Instructions for the task: Output all records exactly, with no images.

Captioned web image data

::::

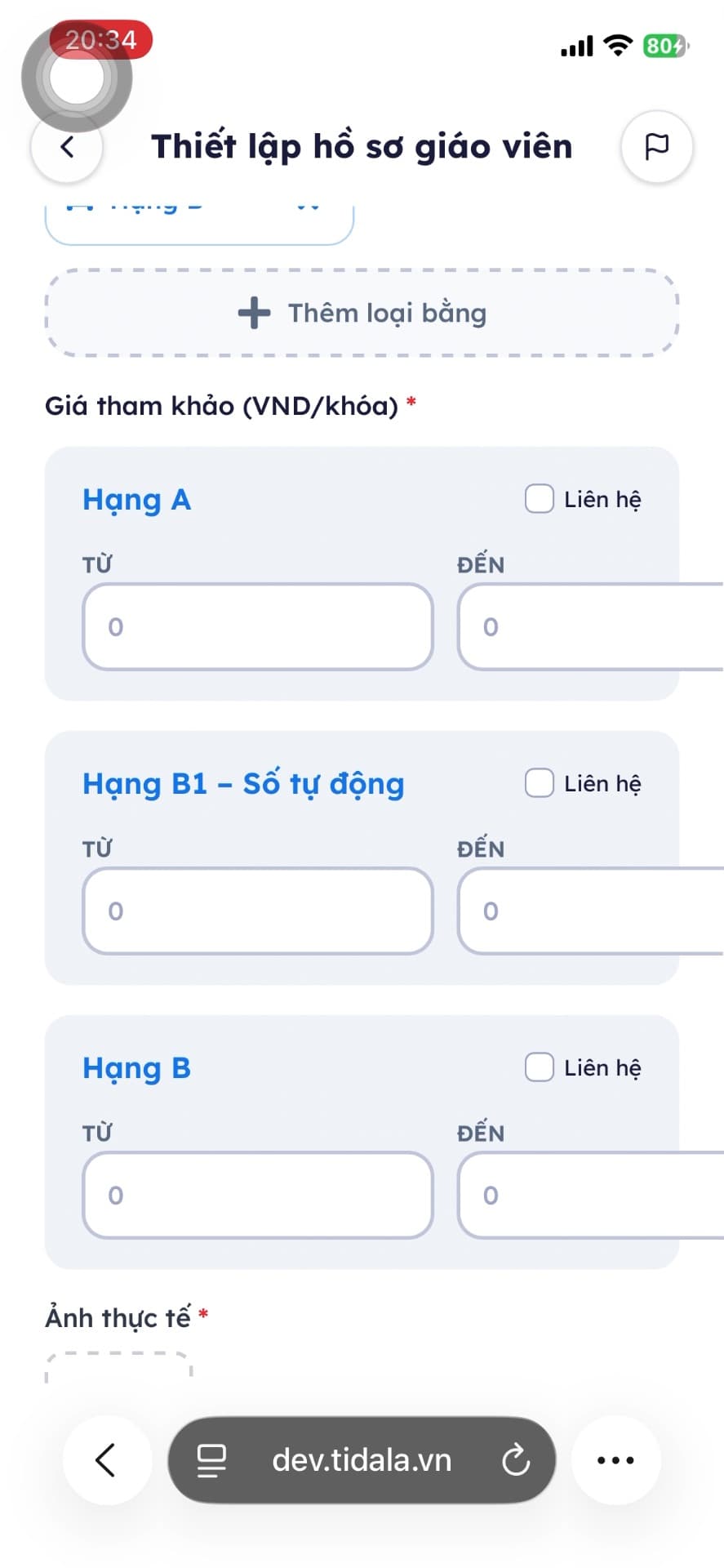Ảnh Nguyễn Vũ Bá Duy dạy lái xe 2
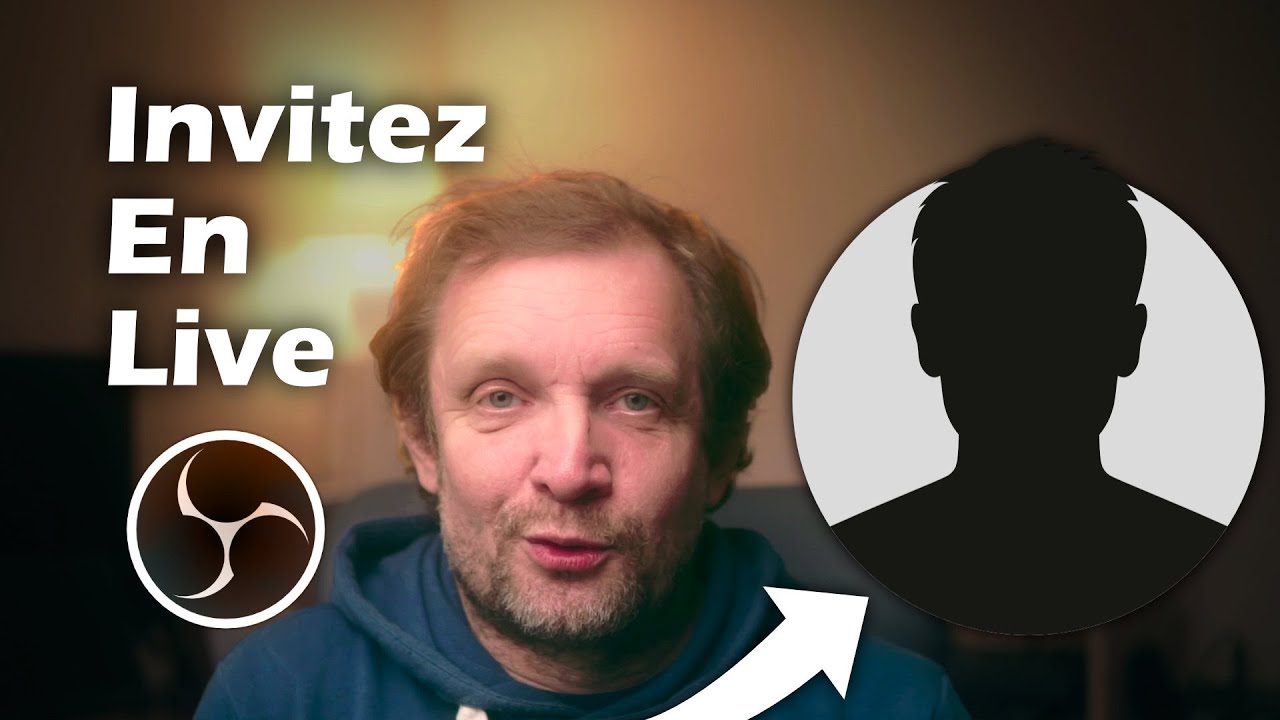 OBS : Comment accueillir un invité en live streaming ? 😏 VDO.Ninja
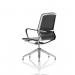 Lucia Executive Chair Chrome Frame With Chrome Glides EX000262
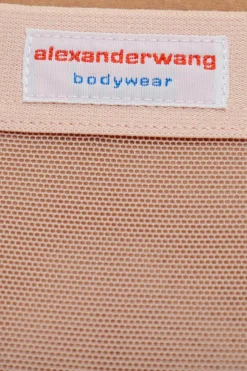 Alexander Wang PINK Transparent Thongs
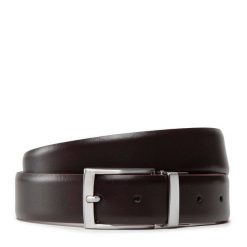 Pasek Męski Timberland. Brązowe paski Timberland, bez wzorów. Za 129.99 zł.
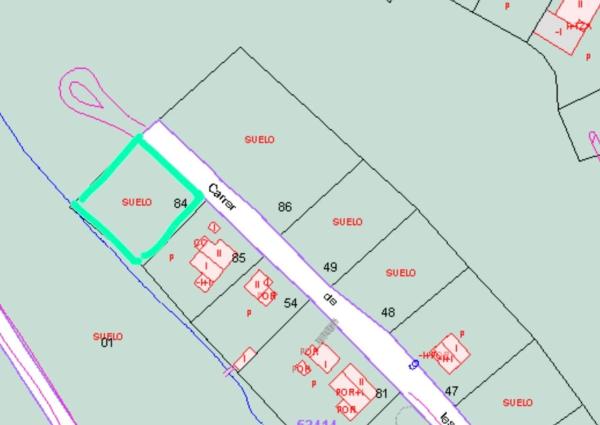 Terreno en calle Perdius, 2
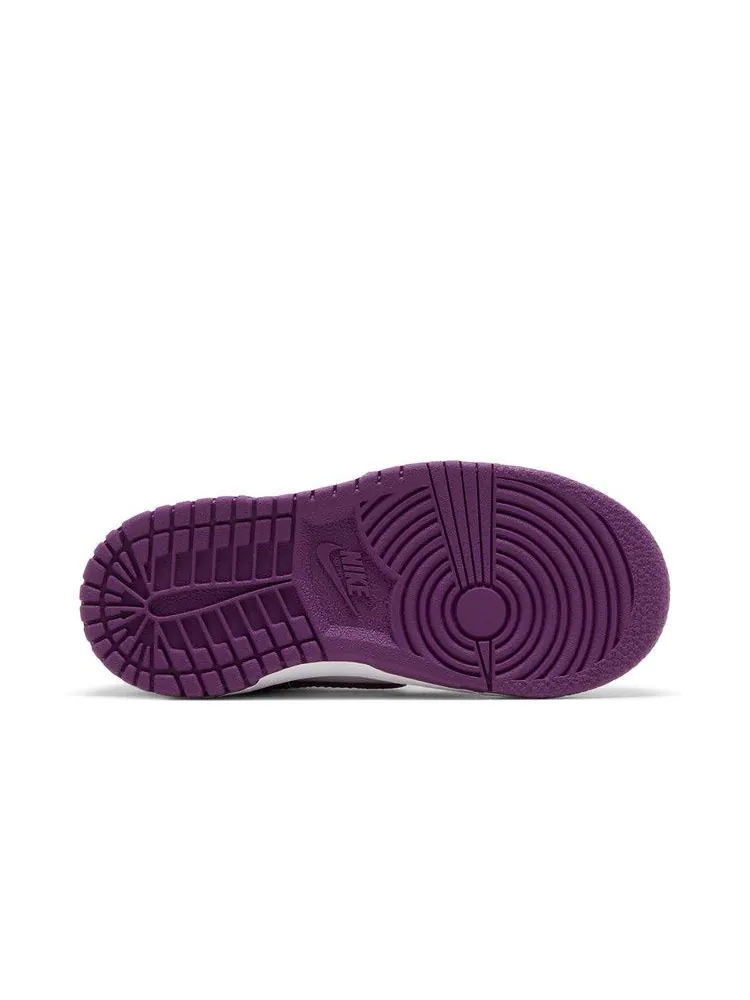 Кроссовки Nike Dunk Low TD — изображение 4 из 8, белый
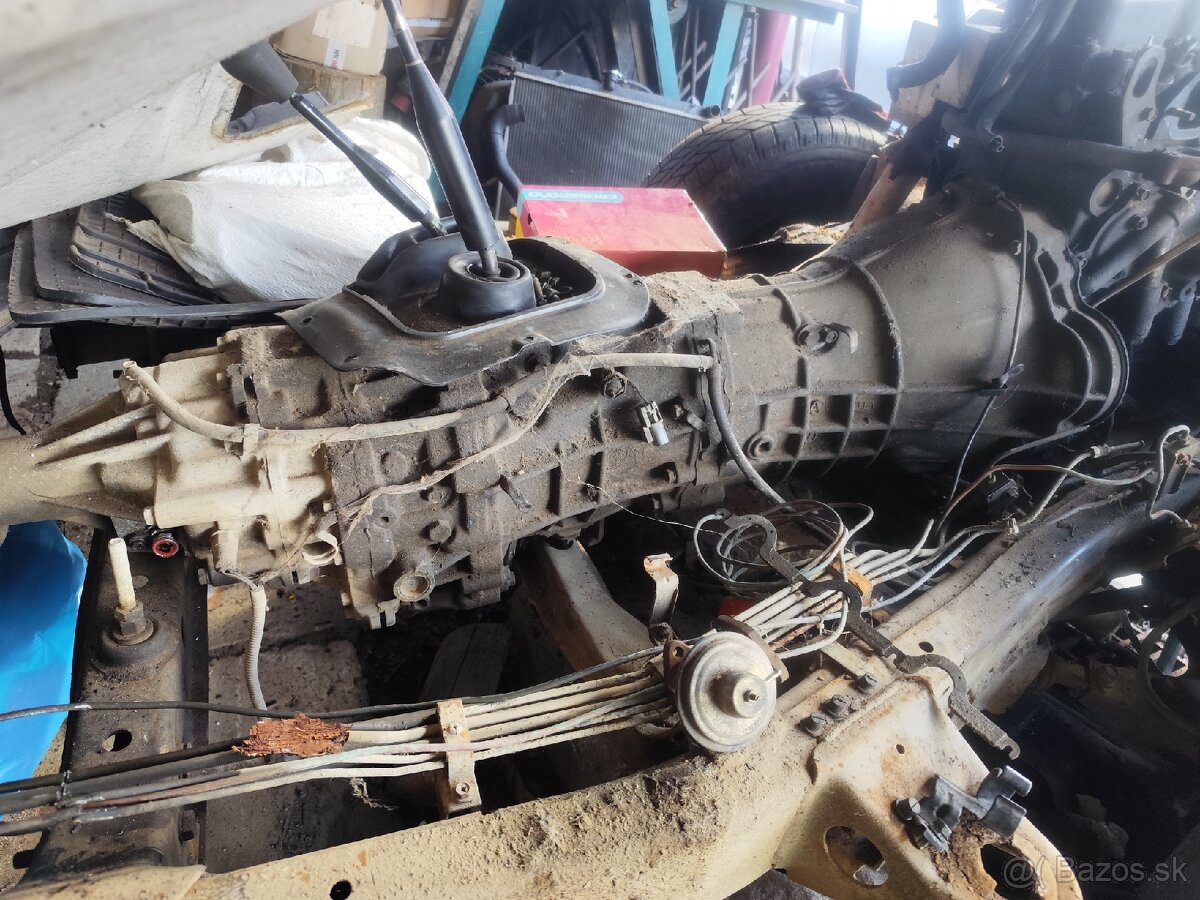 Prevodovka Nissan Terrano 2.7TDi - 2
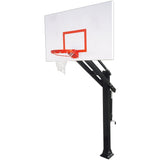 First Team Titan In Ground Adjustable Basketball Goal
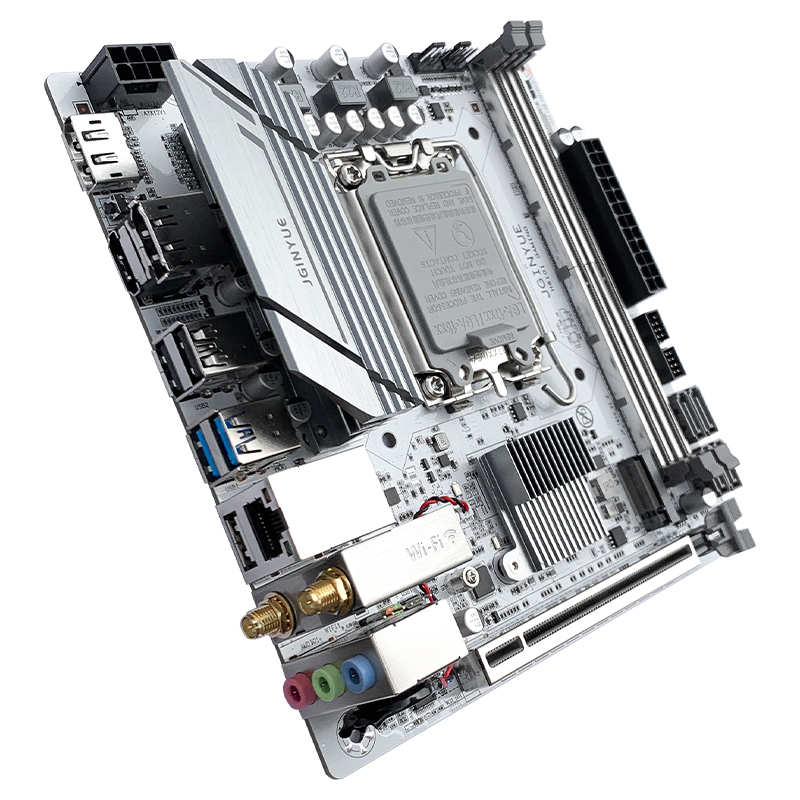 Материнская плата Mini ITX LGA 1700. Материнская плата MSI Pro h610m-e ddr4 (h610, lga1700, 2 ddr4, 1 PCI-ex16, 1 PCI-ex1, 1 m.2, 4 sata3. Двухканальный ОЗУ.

::::

Answer below:
Ảnh Nguyễn Vũ Bá Duy dạy lái xe 2
 OBS : Comment accueillir un invité en live streaming ? 😏 VDO.Ninja
 Lucia Executive Chair Chrome Frame With Chrome Glides EX000262
 Alexander Wang PINK Transparent Thongs
 Pasek Męski Timberland. Brązowe paski Timberland, bez wzorów. Za 129.99 zł.
 Terreno en calle Perdius, 2
 Кроссовки Nike Dunk Low TD — изображение 4 из 8, белый
 Prevodovka Nissan Terrano 2.7TDi - 2
 First Team Titan In Ground Adjustable Basketball Goal
 Материнская плата Mini ITX LGA 1700. Материнская плата MSI Pro h610m-e ddr4 (h610, lga1700, 2 ddr4, 1 PCI-ex16, 1 PCI-ex1, 1 m.2, 4 sata3. Двухканальный ОЗУ.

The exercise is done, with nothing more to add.